Start of Block
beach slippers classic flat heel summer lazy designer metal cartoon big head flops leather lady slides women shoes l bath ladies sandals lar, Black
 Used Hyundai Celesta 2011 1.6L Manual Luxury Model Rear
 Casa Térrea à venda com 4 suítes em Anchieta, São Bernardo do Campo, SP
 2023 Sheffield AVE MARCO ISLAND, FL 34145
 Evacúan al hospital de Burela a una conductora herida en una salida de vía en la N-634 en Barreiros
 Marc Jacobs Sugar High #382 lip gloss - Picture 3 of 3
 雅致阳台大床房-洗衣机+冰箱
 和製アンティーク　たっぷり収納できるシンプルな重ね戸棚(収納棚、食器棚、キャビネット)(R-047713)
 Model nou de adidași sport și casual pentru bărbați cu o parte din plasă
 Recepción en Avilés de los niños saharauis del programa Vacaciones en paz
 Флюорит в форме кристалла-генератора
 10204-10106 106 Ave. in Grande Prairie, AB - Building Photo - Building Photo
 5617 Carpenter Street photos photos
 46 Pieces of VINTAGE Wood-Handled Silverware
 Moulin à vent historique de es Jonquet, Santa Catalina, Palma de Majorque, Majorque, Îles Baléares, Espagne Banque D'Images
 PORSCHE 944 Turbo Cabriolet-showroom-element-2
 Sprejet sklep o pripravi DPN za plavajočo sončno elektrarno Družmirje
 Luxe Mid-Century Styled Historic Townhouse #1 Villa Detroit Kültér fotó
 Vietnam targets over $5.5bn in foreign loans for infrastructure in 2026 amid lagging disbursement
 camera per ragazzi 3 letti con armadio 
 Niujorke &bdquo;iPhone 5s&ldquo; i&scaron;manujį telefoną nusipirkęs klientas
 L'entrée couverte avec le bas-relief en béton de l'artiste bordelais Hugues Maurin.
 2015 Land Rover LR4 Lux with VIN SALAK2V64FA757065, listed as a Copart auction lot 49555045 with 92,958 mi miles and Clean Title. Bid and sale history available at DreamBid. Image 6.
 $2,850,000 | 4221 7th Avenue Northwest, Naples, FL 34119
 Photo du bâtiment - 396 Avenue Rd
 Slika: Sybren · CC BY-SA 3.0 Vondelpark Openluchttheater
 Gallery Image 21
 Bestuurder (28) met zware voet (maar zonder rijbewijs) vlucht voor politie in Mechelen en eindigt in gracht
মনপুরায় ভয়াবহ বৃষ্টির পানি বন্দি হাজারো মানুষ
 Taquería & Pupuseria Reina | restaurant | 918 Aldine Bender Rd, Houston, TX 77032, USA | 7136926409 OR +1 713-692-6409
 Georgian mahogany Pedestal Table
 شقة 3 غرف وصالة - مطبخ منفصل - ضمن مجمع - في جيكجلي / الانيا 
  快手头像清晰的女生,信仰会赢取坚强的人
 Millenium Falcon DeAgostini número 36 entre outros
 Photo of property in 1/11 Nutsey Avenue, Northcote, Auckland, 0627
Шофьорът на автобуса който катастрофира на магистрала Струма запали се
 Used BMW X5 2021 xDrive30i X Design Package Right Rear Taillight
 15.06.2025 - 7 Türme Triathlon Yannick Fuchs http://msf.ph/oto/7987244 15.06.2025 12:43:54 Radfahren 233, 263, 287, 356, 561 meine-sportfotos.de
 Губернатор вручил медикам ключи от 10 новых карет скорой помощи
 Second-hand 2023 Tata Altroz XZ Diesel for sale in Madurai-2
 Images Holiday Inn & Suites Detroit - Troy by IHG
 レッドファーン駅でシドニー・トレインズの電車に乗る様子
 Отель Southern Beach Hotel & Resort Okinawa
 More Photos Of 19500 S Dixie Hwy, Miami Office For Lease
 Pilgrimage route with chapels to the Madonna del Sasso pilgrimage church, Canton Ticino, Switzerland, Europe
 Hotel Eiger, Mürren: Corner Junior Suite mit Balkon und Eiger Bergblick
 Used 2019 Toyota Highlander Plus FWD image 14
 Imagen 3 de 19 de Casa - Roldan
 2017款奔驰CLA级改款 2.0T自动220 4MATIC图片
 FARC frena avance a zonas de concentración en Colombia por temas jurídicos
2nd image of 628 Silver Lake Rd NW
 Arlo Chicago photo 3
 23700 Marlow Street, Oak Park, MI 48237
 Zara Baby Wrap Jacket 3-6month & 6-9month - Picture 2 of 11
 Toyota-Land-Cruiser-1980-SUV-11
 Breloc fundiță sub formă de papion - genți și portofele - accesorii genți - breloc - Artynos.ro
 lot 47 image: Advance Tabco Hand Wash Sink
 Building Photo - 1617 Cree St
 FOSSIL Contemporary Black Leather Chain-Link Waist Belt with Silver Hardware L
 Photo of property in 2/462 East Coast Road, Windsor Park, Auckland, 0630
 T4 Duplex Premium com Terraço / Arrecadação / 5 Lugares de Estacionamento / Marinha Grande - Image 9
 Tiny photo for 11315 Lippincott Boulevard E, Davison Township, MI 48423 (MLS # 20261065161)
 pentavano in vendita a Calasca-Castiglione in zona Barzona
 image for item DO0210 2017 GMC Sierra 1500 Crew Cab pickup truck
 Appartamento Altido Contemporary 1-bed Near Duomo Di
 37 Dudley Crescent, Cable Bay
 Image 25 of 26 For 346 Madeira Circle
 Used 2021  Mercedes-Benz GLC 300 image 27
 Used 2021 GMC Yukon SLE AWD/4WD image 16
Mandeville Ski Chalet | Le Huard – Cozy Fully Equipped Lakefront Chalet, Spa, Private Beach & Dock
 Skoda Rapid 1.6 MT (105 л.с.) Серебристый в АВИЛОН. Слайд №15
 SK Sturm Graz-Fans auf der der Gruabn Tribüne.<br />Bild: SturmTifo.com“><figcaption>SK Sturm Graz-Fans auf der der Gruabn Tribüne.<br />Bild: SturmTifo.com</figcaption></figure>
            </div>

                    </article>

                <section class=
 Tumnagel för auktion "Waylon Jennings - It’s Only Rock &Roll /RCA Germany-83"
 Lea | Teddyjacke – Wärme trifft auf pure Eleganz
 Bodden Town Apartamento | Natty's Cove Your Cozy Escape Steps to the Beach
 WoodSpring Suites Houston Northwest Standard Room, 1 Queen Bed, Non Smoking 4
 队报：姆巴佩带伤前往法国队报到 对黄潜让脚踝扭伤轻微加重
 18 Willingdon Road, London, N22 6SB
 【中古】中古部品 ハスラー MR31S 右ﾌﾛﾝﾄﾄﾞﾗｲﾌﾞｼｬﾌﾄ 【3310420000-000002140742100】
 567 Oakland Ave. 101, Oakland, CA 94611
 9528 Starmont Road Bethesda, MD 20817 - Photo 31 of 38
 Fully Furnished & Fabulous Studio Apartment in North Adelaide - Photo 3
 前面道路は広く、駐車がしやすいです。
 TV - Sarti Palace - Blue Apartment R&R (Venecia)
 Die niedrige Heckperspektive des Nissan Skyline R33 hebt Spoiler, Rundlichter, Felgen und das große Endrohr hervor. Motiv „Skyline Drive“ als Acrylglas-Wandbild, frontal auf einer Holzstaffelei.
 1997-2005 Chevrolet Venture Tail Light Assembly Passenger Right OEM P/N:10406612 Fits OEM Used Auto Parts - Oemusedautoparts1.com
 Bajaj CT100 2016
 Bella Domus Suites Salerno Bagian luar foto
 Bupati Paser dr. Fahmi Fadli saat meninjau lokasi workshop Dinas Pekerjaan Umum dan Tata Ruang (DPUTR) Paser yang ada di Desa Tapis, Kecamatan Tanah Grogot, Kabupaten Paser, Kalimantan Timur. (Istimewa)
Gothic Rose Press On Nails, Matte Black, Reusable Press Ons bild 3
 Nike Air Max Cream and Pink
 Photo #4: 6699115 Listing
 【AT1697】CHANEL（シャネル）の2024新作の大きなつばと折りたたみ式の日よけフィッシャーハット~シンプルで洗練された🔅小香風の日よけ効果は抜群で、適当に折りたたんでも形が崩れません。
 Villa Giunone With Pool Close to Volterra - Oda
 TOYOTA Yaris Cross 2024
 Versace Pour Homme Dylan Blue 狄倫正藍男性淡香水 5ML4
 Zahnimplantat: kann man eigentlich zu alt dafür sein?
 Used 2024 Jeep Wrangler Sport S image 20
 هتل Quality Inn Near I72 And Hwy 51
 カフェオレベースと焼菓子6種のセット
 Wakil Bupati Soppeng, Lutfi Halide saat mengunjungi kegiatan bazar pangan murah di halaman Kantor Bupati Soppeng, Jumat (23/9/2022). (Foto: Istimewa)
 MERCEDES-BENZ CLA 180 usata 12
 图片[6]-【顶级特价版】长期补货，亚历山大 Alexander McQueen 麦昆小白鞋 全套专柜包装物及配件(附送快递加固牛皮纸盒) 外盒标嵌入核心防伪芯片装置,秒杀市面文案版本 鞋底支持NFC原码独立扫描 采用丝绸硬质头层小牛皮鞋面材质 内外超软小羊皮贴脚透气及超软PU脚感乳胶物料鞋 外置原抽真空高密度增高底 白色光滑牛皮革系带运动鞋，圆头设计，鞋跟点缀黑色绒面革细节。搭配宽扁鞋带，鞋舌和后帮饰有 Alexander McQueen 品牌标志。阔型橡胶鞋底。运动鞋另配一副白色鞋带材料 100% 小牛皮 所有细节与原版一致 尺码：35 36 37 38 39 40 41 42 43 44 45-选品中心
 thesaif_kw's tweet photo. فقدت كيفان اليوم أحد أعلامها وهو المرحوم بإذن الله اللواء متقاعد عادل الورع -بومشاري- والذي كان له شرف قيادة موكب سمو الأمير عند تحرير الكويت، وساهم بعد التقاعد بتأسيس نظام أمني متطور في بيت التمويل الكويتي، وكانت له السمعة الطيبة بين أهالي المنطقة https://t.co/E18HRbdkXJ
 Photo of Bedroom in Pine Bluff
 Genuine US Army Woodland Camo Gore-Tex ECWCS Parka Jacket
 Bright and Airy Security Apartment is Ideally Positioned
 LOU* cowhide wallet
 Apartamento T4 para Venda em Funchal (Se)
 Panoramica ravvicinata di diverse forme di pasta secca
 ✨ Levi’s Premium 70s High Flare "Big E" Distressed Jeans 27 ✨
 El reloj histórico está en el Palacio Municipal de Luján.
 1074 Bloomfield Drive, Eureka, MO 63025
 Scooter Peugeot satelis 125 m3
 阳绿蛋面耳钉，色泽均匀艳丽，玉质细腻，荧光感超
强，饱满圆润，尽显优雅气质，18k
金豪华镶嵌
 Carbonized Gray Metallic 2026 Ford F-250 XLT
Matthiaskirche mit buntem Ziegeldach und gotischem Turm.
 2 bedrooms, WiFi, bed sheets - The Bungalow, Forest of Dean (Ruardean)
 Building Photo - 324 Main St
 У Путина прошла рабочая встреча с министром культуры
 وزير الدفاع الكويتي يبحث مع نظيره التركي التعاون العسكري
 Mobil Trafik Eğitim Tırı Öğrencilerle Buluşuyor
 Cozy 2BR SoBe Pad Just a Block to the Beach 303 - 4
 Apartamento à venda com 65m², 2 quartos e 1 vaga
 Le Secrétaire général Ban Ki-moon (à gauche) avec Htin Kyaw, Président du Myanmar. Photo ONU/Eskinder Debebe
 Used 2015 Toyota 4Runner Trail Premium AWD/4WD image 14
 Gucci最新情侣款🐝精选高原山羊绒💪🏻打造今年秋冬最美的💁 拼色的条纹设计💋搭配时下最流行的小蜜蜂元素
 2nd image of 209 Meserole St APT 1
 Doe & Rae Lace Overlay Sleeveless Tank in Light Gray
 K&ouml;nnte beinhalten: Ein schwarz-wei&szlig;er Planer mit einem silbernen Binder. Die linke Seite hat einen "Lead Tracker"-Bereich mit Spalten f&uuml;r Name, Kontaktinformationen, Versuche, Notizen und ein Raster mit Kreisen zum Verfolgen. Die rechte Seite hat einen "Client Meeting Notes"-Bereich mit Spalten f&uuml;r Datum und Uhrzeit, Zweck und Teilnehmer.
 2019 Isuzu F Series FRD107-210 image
End of Block
(WHAT NEEDS TO BE DONE): Taking the lines above, repeat exactly those from the line that contains "lot 47 image: Advance Tabco Hand Wash Sink" through the line that contains "image for item", and both of those lines as well. Include nothing else.

(REPLY TO THE EXERCISE):
 lot 47 image: Advance Tabco Hand Wash Sink
 Building Photo - 1617 Cree St
 FOSSIL Contemporary Black Leather Chain-Link Waist Belt with Silver Hardware L
 Photo of property in 2/462 East Coast Road, Windsor Park, Auckland, 0630
 T4 Duplex Premium com Terraço / Arrecadação / 5 Lugares de Estacionamento / Marinha Grande - Image 9
 Tiny photo for 11315 Lippincott Boulevard E, Davison Township, MI 48423 (MLS # 20261065161)
 pentavano in vendita a Calasca-Castiglione in zona Barzona
 image for item DO0210 2017 GMC Sierra 1500 Crew Cab pickup truck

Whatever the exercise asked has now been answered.